*** Begin section ***
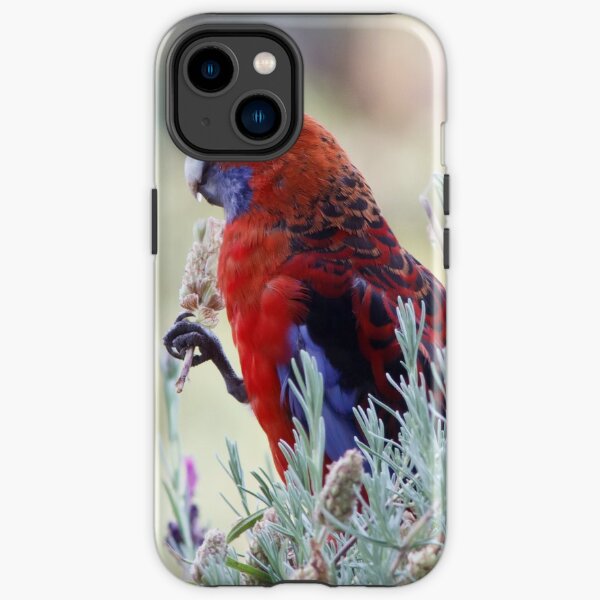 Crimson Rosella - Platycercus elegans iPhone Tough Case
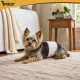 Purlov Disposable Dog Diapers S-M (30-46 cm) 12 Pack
*** End section ***
*** Begin section ***
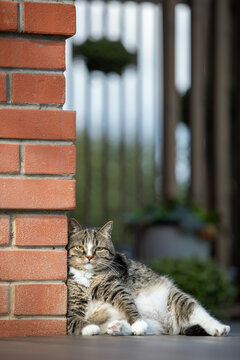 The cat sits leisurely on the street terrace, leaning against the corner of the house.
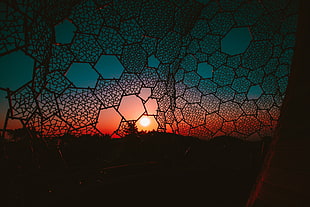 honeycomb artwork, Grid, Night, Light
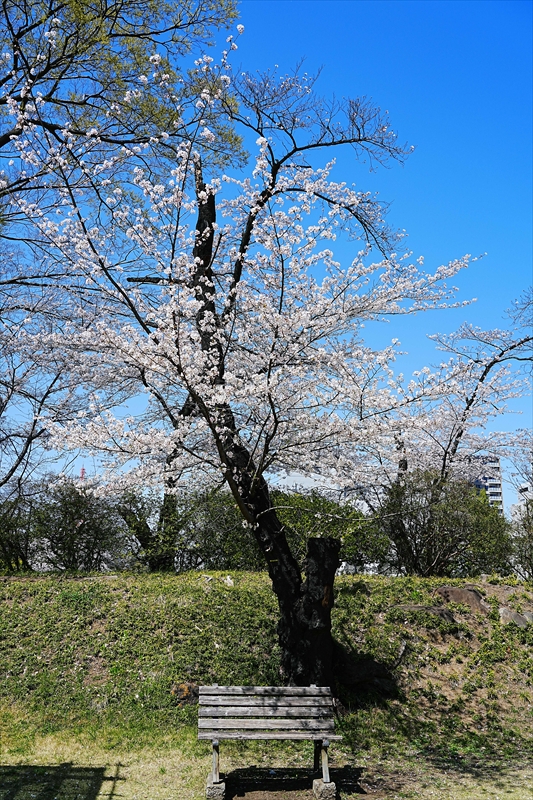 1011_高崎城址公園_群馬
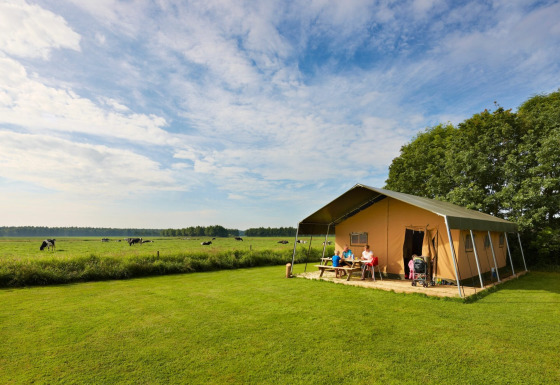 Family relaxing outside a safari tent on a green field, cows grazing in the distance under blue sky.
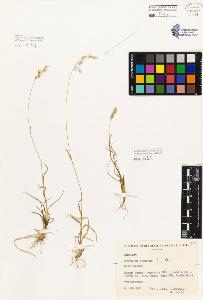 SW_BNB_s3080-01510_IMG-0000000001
*** End section ***
### What the task asks
Write out, word for word, the stretch of entries that begins at the line with "honeycomb artwork, Grid, Night, Light" and ends at the line with "SW_BNB_s3080-01510_IMG-0000000001". Pictures do not belong in it.

### Exercise solution
 honeycomb artwork, Grid, Night, Light
 1011_高崎城址公園_群馬
 Family relaxing outside a safari tent on a green field, cows grazing in the distance under blue sky.
 SW_BNB_s3080-01510_IMG-0000000001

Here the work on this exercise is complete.